In accordance with increased eWAT mass in TPH2-OE mice, H&E staining of eWAT revealed that the average size of eWAT adipocytes in TPH2-OE mice was larger compared with that of control mice (Figure 6, G and H). We further assessed the molecular changes with TPH2 overexpression and found that AAV-TPH2 increased both TPH2 mRNA and protein expression in eWAT of TPH2-OE mice but had no effect on Tph1 expression (Figure 6I). Of note, 5-HT levels in eWAT were elevated, demonstrating the contribution of adipocyte TPH2 in adipocyte 5-HT production (Figure 6J). eWAT of TPH2-OE mice exhibited increased expression of lipogenic genes and reduced mRNA expression of the lipolytic gene Lipe (Figure 6K). Furthermore, we observed that TPH2 overexpression provoked formation of CLSs in eWAT and increased expression of proinflammatory markers (Figure 6, L and M). In contrast to the adipocyte TPH2 knockout model, the mRNA level of Adipoq was not different in eWAT between control and TPH2-OE mice (Supplemental Figure 4G). A previous study demonstrated that 5-HT induces lipogenesis in white adipocytes via 5-HTR2, while thermogenesis in brown adipocytes was suppressed via 5-HTR3 (20). To investigate whether adipocyte TPH2–derived 5-HT also regulates adipocyte metabolism via the same pathways, we overexpressed TPH2 in differentiated primary white adipocytes using TPH2-AAV and Cre recombinase expressing AAV (Cre-AAV).

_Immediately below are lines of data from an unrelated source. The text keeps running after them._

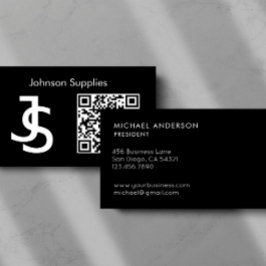 Modern Zakelijk Aangepast Monogramlogo en QR-code Visitekaartje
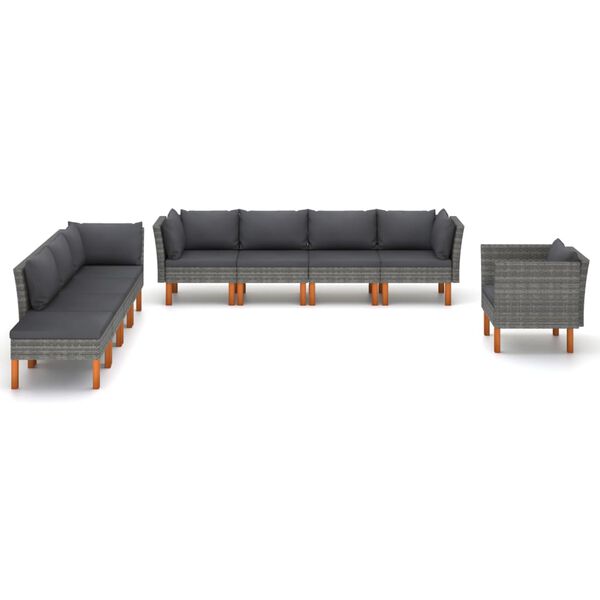 vidaXL Set de muebles de jard&iacute;n 9 pzas rat&aacute;n sint&eacute;tico eucalipto gris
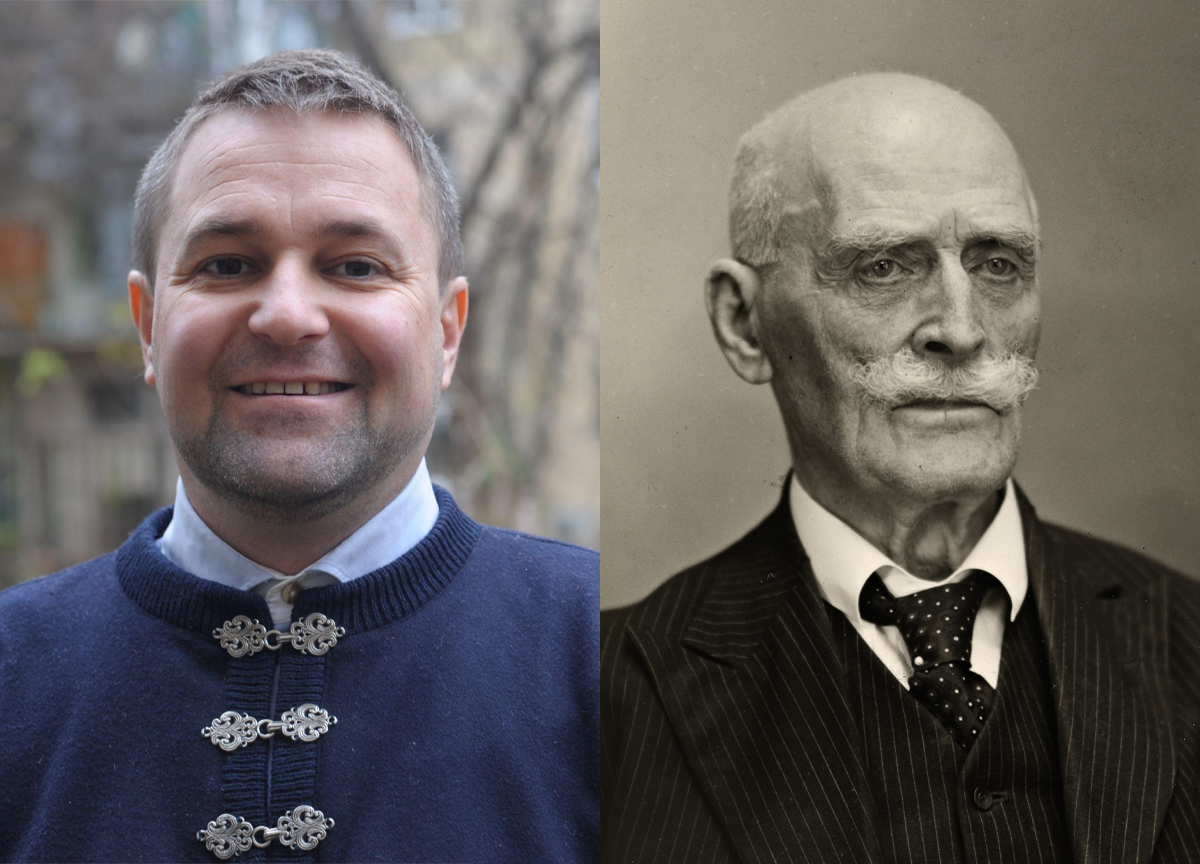 Forlegger i Legatum, Tore Rasmussen (t.v.), forfatter Knut Hamsun. (Foto: Legatum, Wikimedia Commons. Kollasj: Subjekt.) 1 25:18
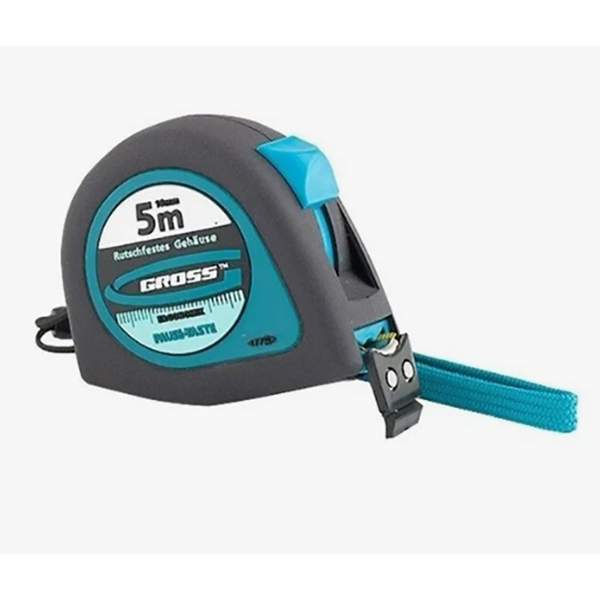 Рулетка "Gross" 5м*25мм, магнитный обрезинненый зацеп
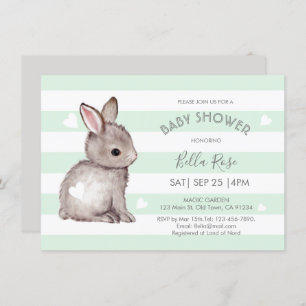 Invitation Gris de Mint Gris Gris Grains Bunny Baby shower In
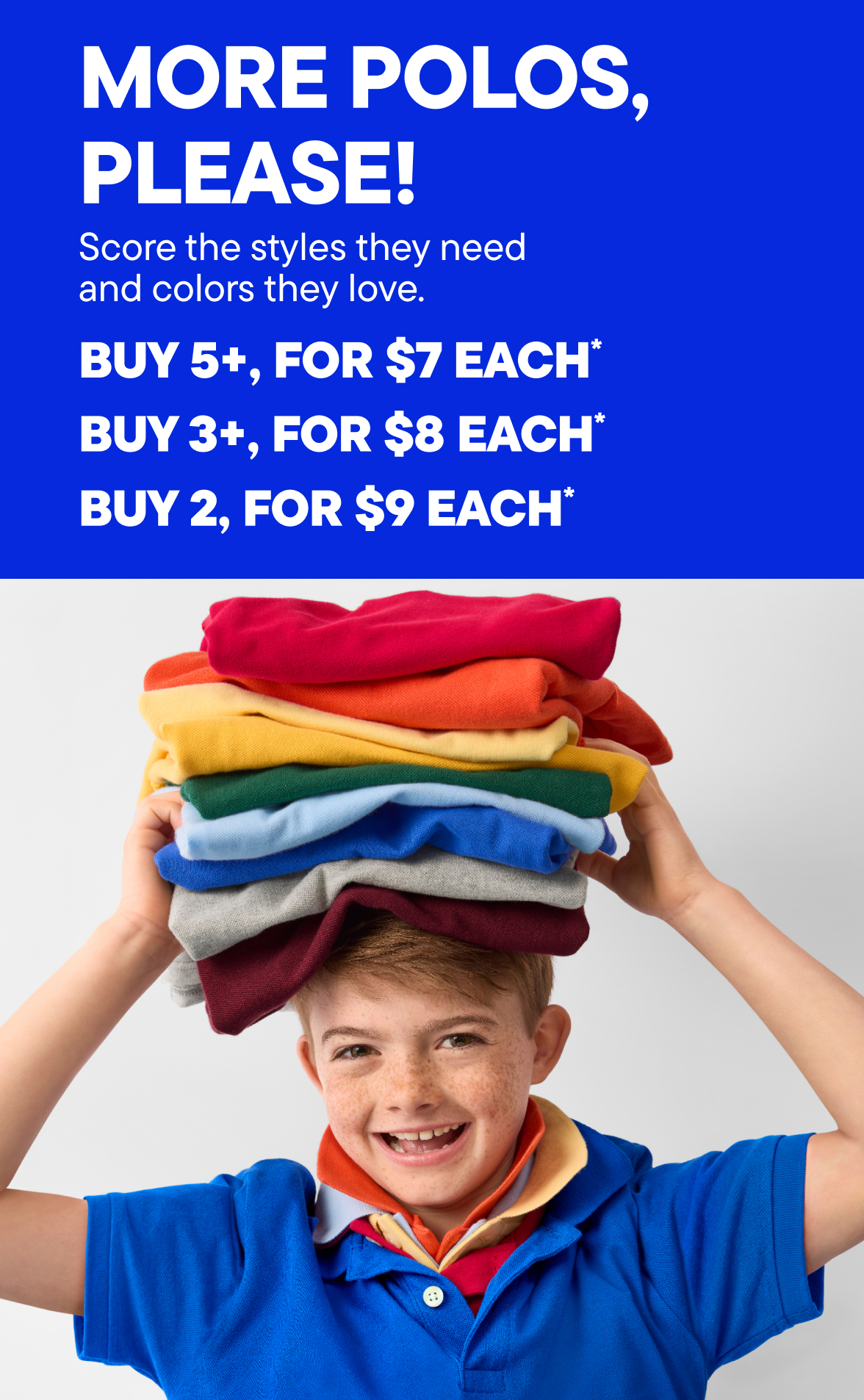 Polos 5+ for $7 each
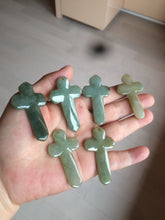 Load image into Gallery viewer, 100% Natural type A light green/white/gray jadeite Jade Hand-held cross or cross pendant AY55
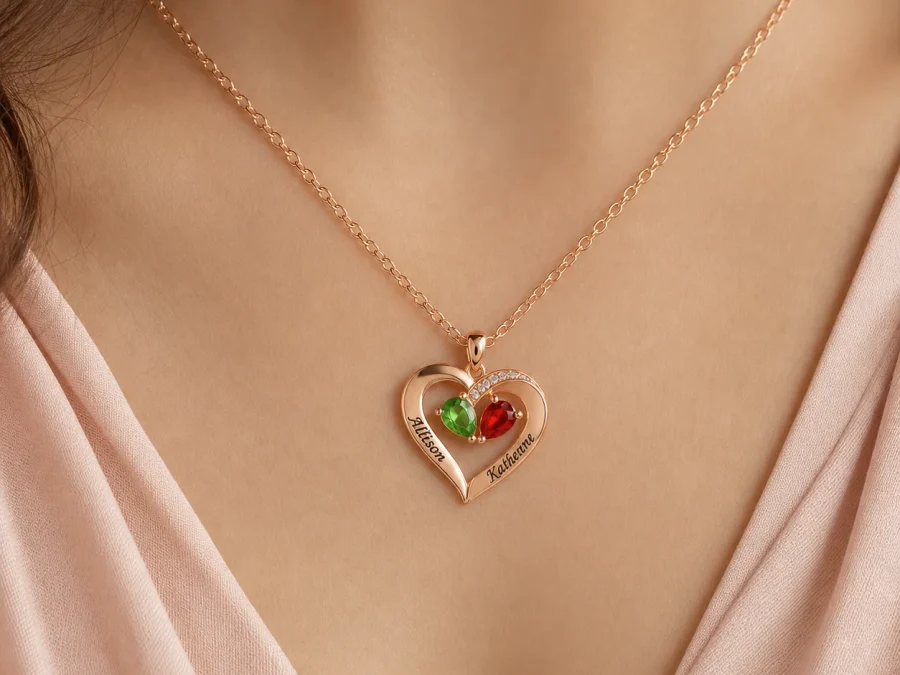 Two-tone teardrop story necklace with two birthstone accents shown on a model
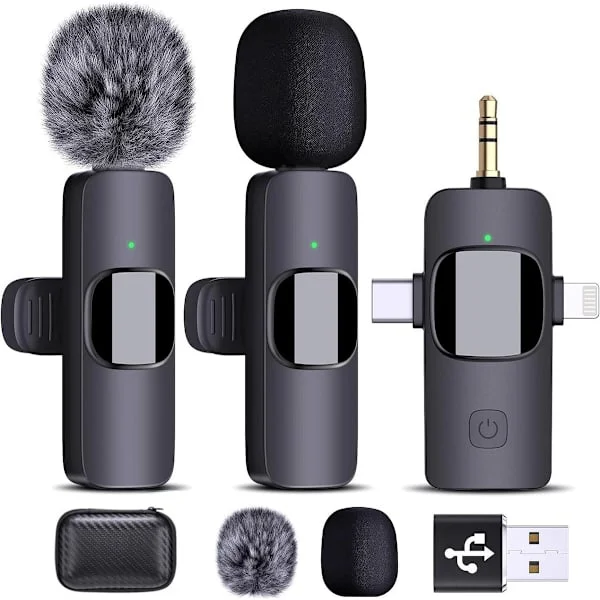 Trådløs Mikrofon 2-pak Lavalier Mikrofon Trådløs Slips Mikrofon Tre-i-én Bluetooth Mini Mikrofon Til Videooptagelse 3,5 mm Lydudgang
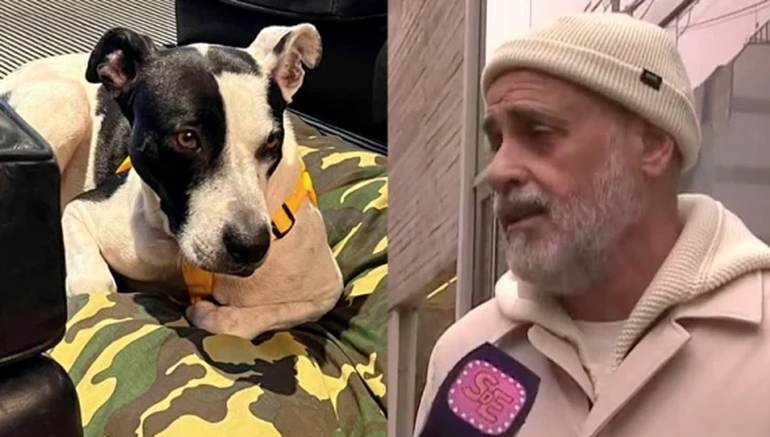 La nueva mascota de Jorge Rial, Malasaña. La nueva mascota de Jorge Rial, Malasaña.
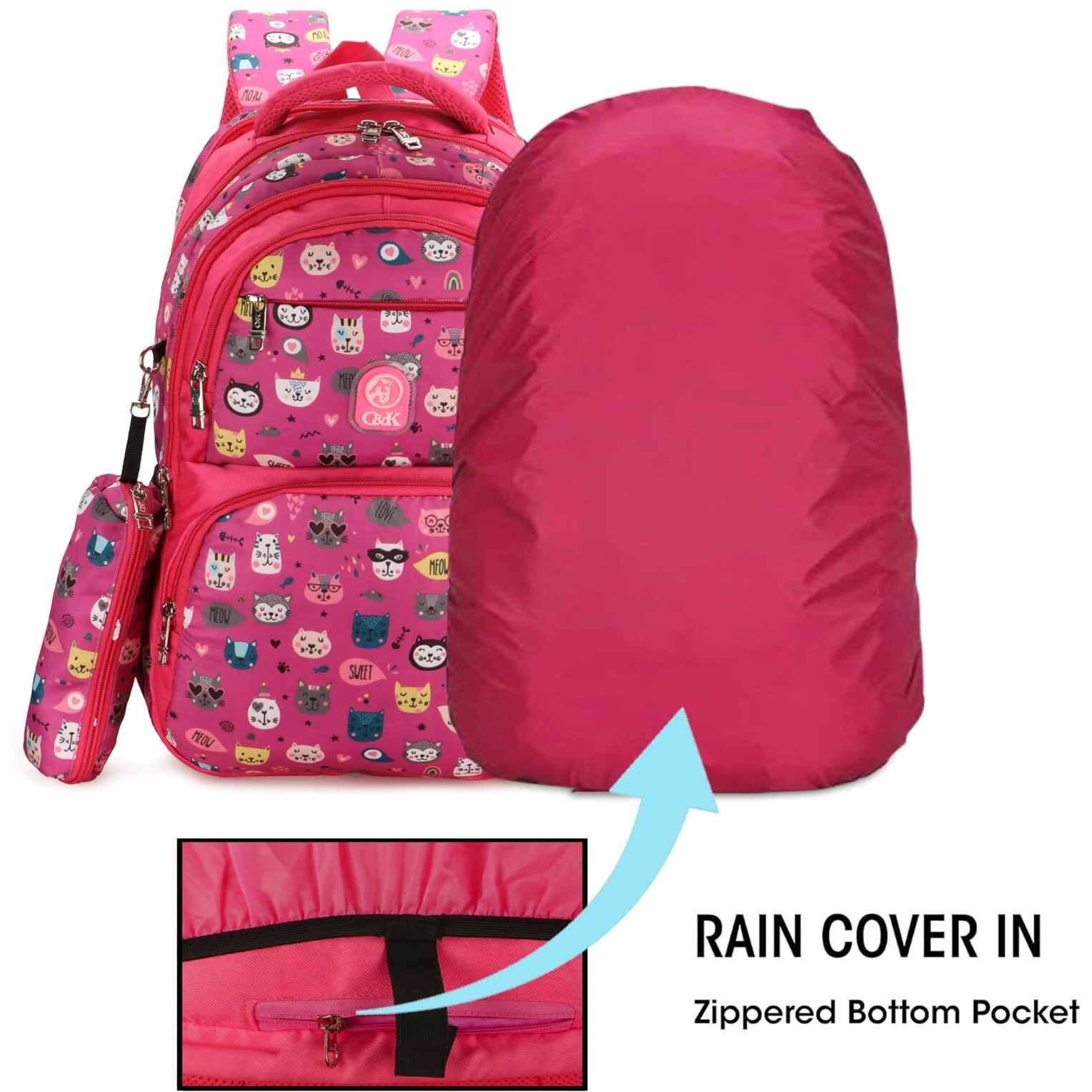 Chris & Kate Multi-Print 35 Litres School Backpack For Boys And Girls - Must-Have For School, College, Casual Use - Includes Free Stationery Pouch And Rain/Dust Cover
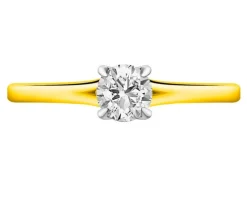 Pierścionek z żółtego złota z brylantem - 0,30 ct - próba 585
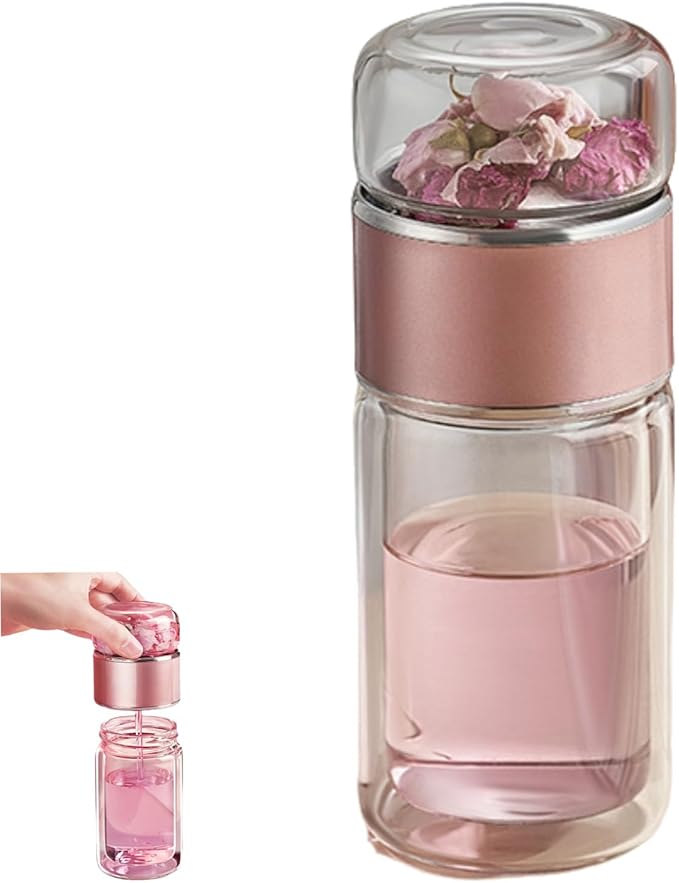 Nhdap Teava 3-In-1 Smart Tea Infuser, Tryteava Portable Leak-Proof Glass Infuser Bottle for Loose Leaf Tea, Double Layer Water Cup Separation Teapot With Strainers for Office, Travel (Pink, 280ml) - Bloomnest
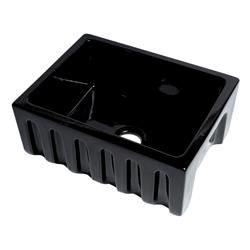 Picture of Alfi Brand AB2418HS-BG 24 in. Black Gloss Reversible Smooth & Fluted Single Bowl Fireclay Farm Sink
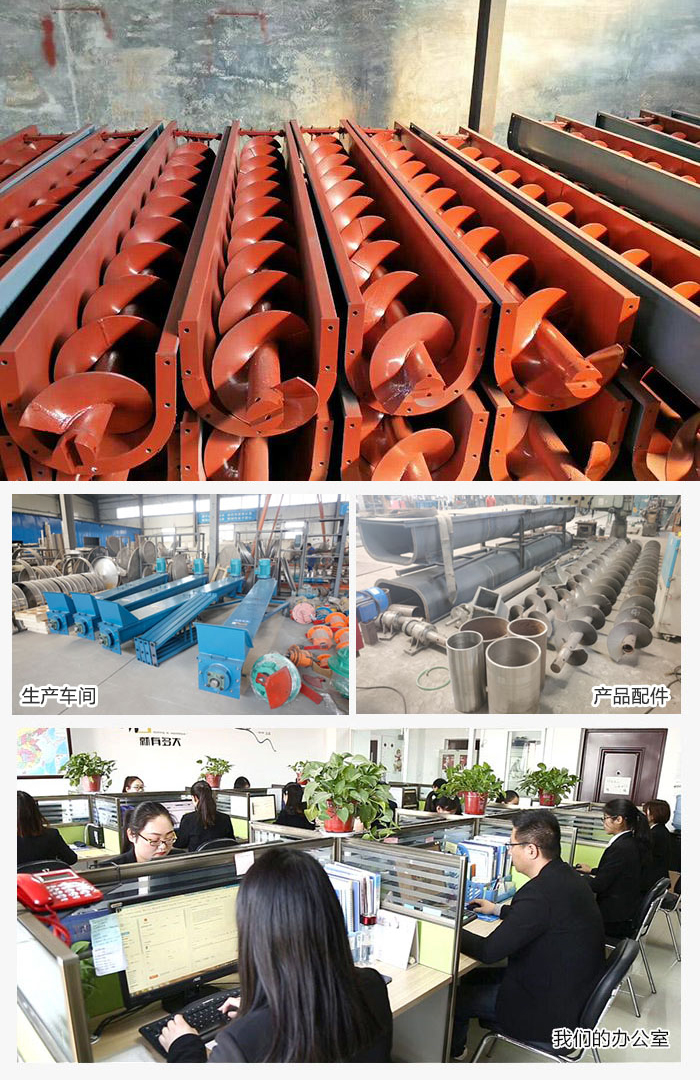 絞龍螺旋輸送機產(chǎn)品，廠區(qū)，以及辦公場地展示圖。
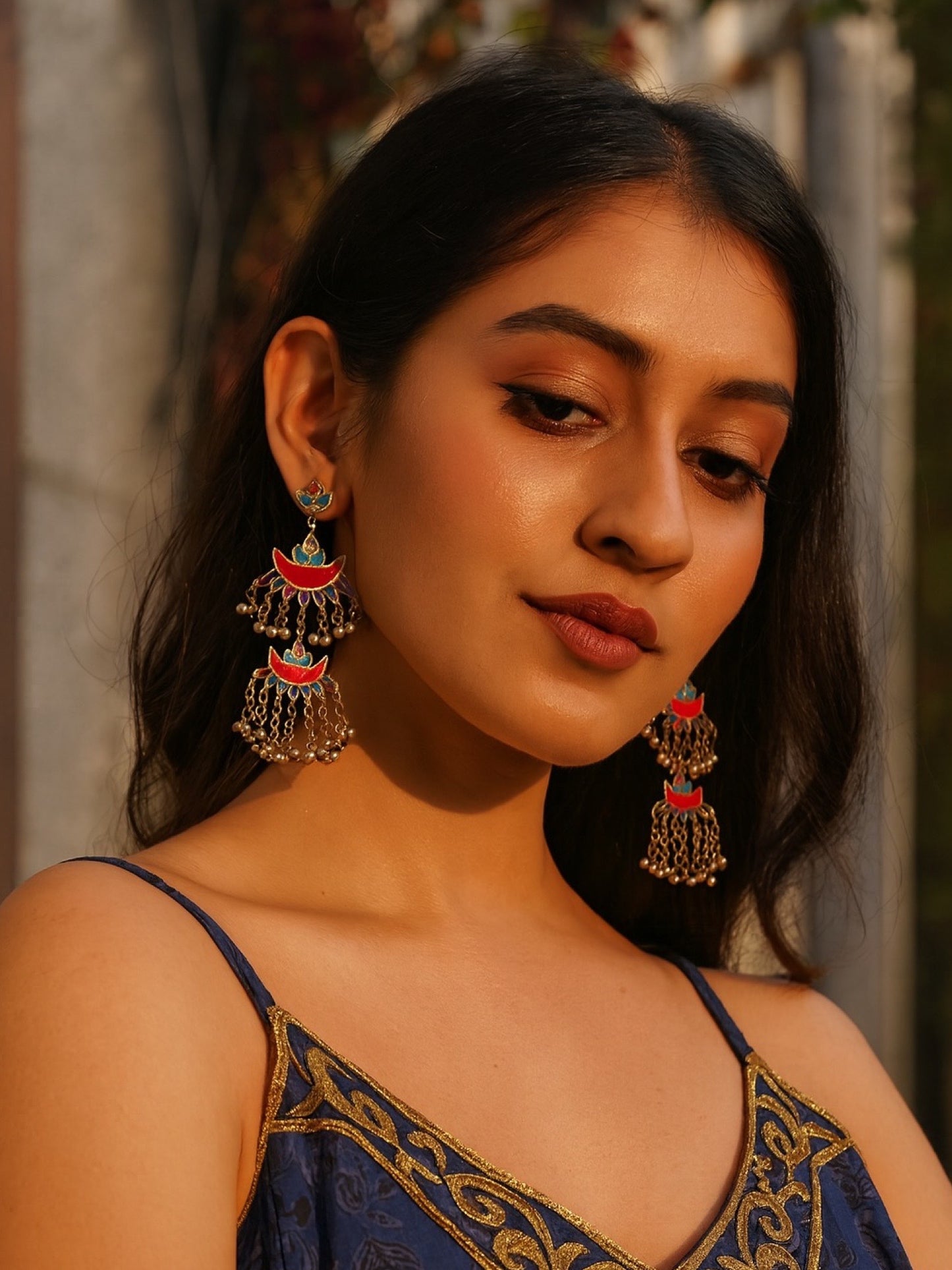Drop Earring Flower With Ghungroo Design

TPH2-AAV only upregulated Tph2 mRNA levels in cells with Cre-AAV, and treating cells with ketanserin (KET), a 5-HTR2 antagonist, did not alter Tph2 and Tph1 gene expression levels (Supplemental Figure 5, A and B). As expected, TPH2 overexpression led to increased production and secretion of 5-HT from adipocytes and increased 5-HT levels in media (Supplemental Figure 5C). Overexpression of TPH2 in primary white adipocytes upregulated expression of lipogenic genes, such as Fasn, Dgat1, and Dgat2, compared with vehicle-treated cells, and this upregulation diminished with KET treatment, indicating that adipocyte TPH2–derived 5-HT can autonomously regulate lipogenesis via 5-HTR2 (Supplemental Figure 5, D–F).

Collectively, these observations further substantiate the role of adipocyte TPH2 in the development of metabolic dysfunction, indicating that 5-HT originating exclusively from adipocyte TPH2 is sufficient to induce hepatic lipid accumulation and adipocyte dysfunction even in the absence of obesogenic insults.

Overexpression of TPH2 in eWAT adipocytes inhibits BAT thermogenesis and decreases systemic EE. The overexpression of TPH2 in eWAT adipocytes not only perturbed adipocyte metabolism but also detrimentally altered the systemic physiology of mice. We observed that systemic EE in TPH2-OE was reduced compared with that in control mice (Figure 7, A and B). No differences in daily diet intake or physical activity were observed between the 2 groups (Figure 7, C and D). To determine the potential BAT dysfunction in TPH2-OE mice, we performed infrared thermal imaging on the dorsal interscapular region of mice. TPH2-OE mice demonstrated reduced surface temperature compared with control mice (Figure 7, E and F). Also, in BAT of TPH2-OE mice, mRNA levels of thermogenic genes, such as Ucp1 and Ppargc1a, were reduced, and UCP1 expression in BAT was also decreased, highlighting the impact of eWAT adipocyte–derived 5-HT on regulating BAT thermogenesis (Figure 7G). Consistent with the specificity of expression in eWAT of TPH2-OE mice, no differences in Tph1 or Tph2 expression in BAT were observed between the 2 groups of mice (Figure 7H). Additionally, contrary to what was observed in the adipocyte TPH2 knockout model, the total gut transit time remained unaltered (Figure 7I), indicating no alterations in intestinal energy harvesting. These data suggest that the increase in circulating 5-HT levels induced by overexpression of TPH2 in eWAT reduced BAT activity and thermogenesis; however, it was insufficient to influence gut motility and gastrointestinal transit in chow-fed mice.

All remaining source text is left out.